> _What is expected_
No pictures belong in the copy. Retype exactly, and only, the stretch of lines below from the one with "In summary, android.riskware.testkey.ra" through the one with "Now if we want".
^^^^^^^^
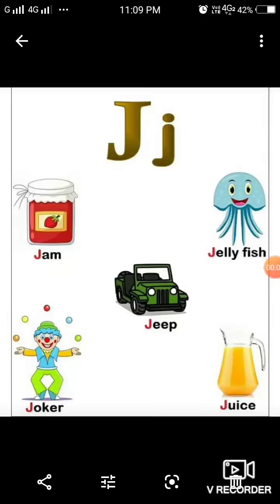Letter J. The sound coming from this letter is J. Jam. J. Jellyfish. J. Jeep. J. Joker. J. Juice. I hope now you are able to learn the sounds of the letters A to J. You are going to revise it.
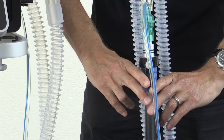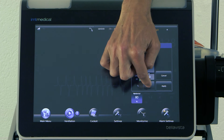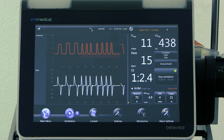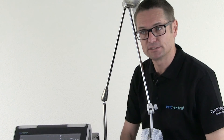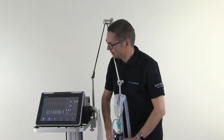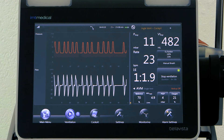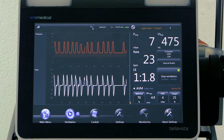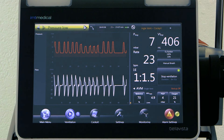If the patient is doing better and better, we can reduce even more — maybe to 70% — and the patient will be more motivated to breathe himself until he is ready to be extubated. We can see how the inspiratory pressure is going down to 9 millibar, to 7 millibar. This is how AVM works in the weaning situation.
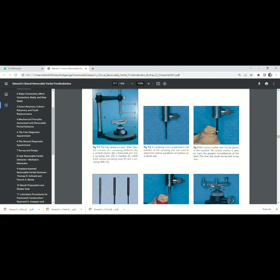So instead of this analyzing rod, if we pass the carbon marker over the tooth surface, we will get this drawing. This line is called the survey line. I will discuss the survey line later. Now we are discussing different types of surveying tools.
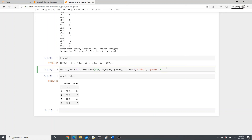So with qcut we couldn't define the score cutoffs for grades — we just defined the population distribution percentages, and the qcut function itself determined the score limits. I hope now you know how to use cut and qcut very well and understand how they work differently. Thank you so much for watching. If you like this video, please subscribe, like, share, and comment. I also have a blog article linked in the description box below. Thank you again — see you next time!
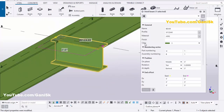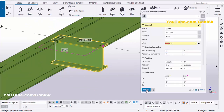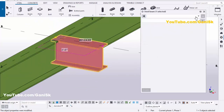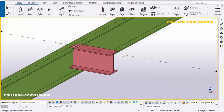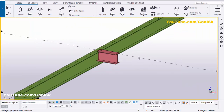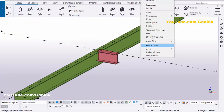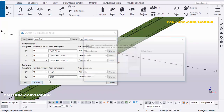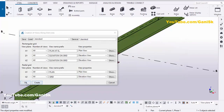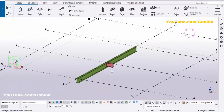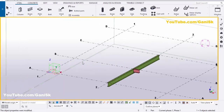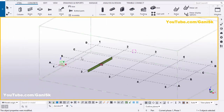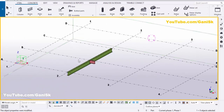Now I'm going to change the color — set the class to 2, then click Modify and close it. To create views, click on the grid, right-click, select 'Create views along grid lines,' click Create, and click OK.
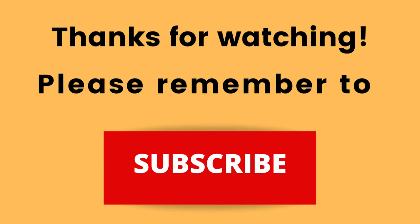Thanks again for watching. I hope that you have a blessed, wonderful day.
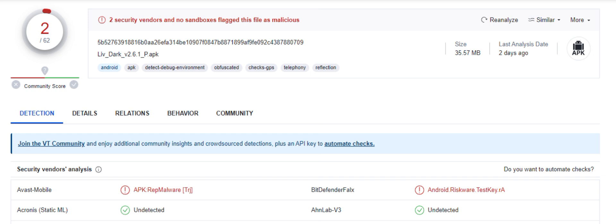In summary, android.riskware.testkey.ra is a detection name for riskware associated with Android applications that use unofficial debugging keys, specifically the testkey provided by Android Studio.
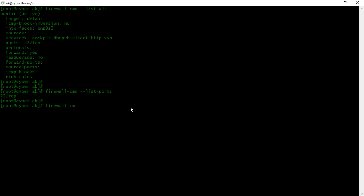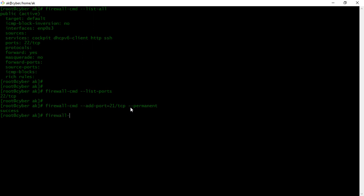Now if we want to add a rule, we will use firewall-cmd and then --add-port. Let's say we want to add port 21/TCP, and we want to add the rule permanently using the --permanent flag. To check this newly added rule, we will use firewall-cmd and then --list-ports.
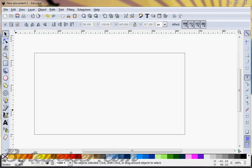Hi, this is another ByteWiser.com Inkscape tutorial and today I'm going to try to show you how to make a pirate treasure map.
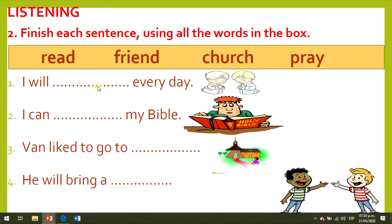Listen and repeat: read, friend, church, pray. Please listen and complete the sentences with the correct words. Number 1: I will read. Number 2: I will pray. Number 3: Van liked to go to church. Number 4: He will bring a friend.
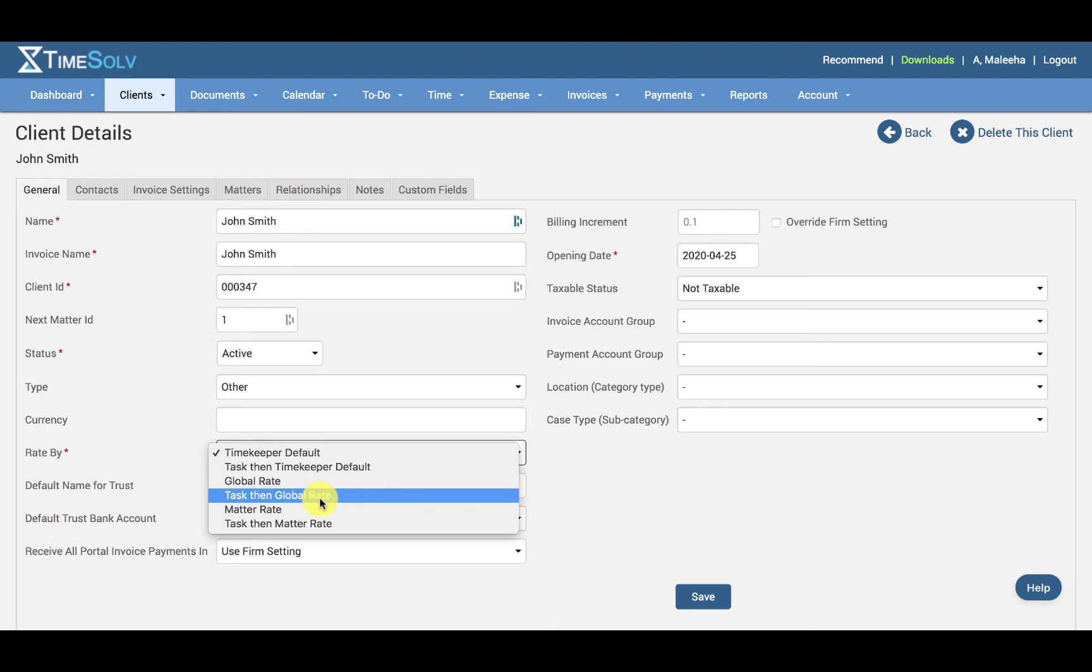And then we have Task Then Global Rate. Selecting this option means global rate will be the standard rate applied unless the task code chosen for the entry has its own specified rate.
^^^^^^^^
> _Answer space_
In summary, android.riskware.testkey.ra is a detection name for riskware associated with Android applications that use unofficial debugging keys, specifically the testkey provided by Android Studio.
Now if we want to add a rule, we will use firewall-cmd and then --add-port. Let's say we want to add port 21/TCP, and we want to add the rule permanently using the --permanent flag. To check this newly added rule, we will use firewall-cmd and then --list-ports.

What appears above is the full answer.